_WORKING DATA_:
● ● ● ●
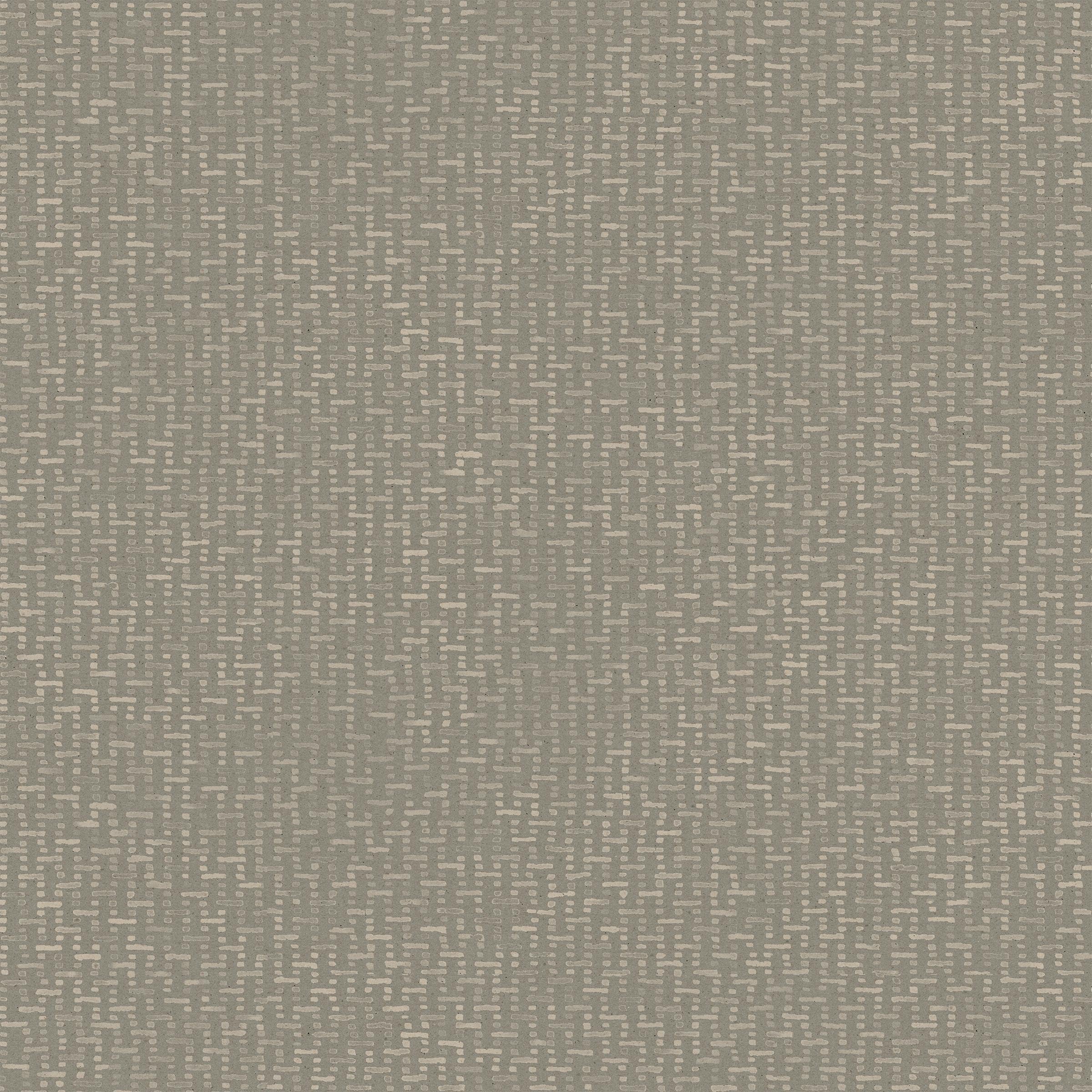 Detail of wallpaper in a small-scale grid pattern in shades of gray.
● ● ● ●
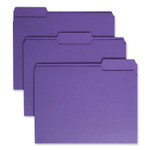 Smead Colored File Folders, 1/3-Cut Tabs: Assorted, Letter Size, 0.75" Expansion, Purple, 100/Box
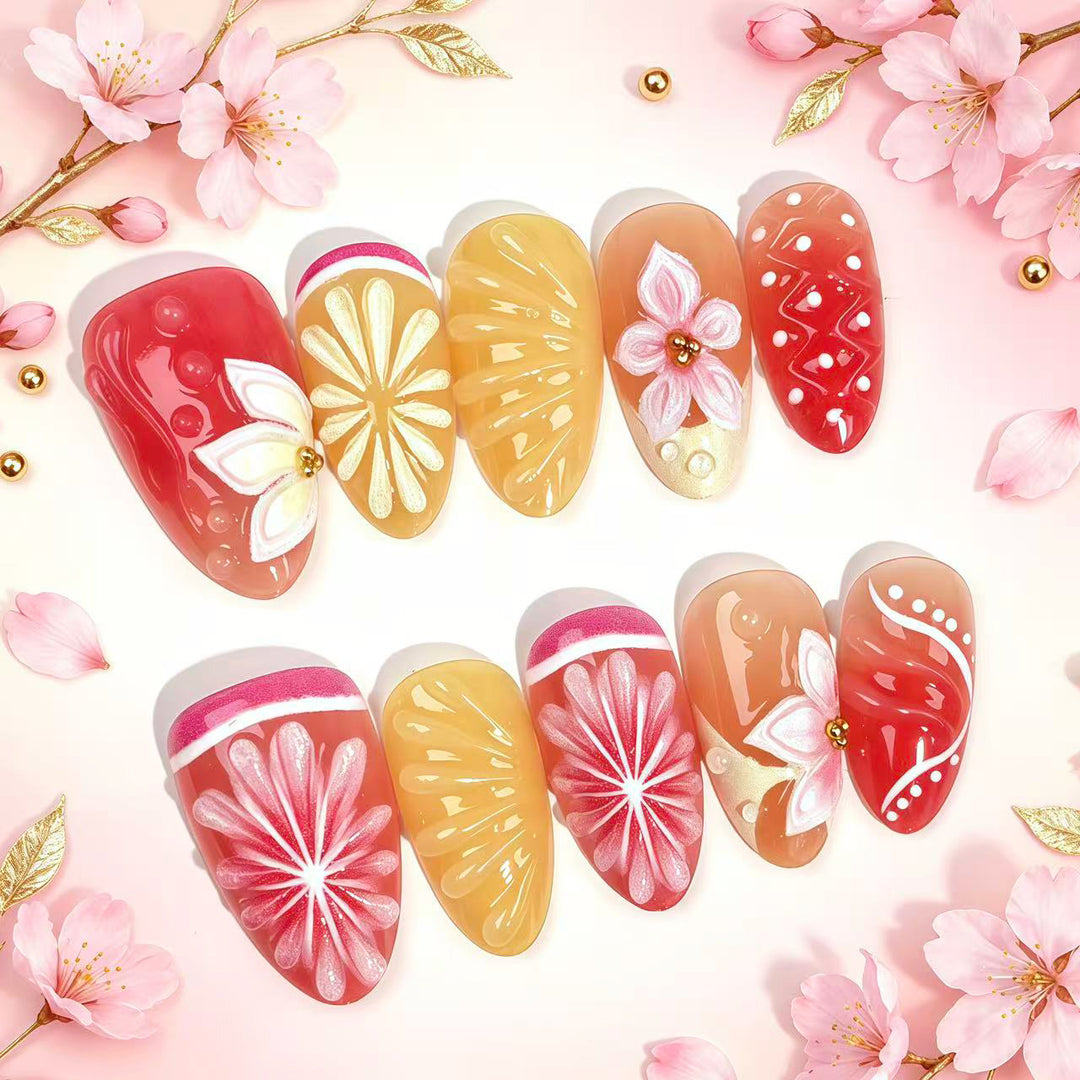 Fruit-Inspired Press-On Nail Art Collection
● ● ● ●
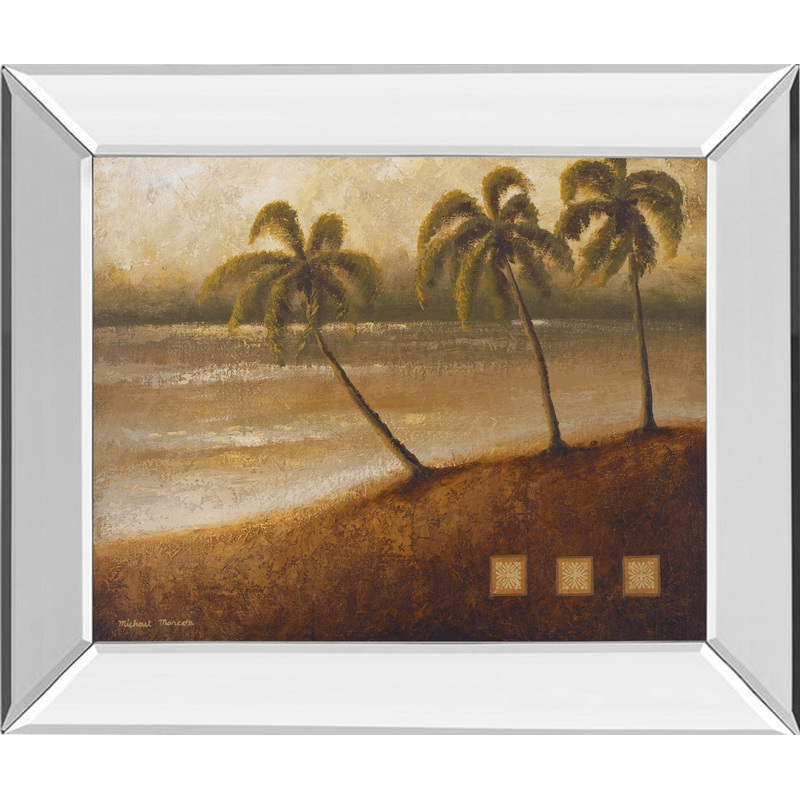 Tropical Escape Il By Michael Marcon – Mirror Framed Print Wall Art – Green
● ● ● ●
Copy only this from above: the line containing "Smead Colored File", the line containing "Fruit-Inspired Press-On Nail Art Collection", and all lines between, printed exactly. Leave out the pictures.

 Smead Colored File Folders, 1/3-Cut Tabs: Assorted, Letter Size, 0.75" Expansion, Purple, 100/Box
 Fruit-Inspired Press-On Nail Art Collection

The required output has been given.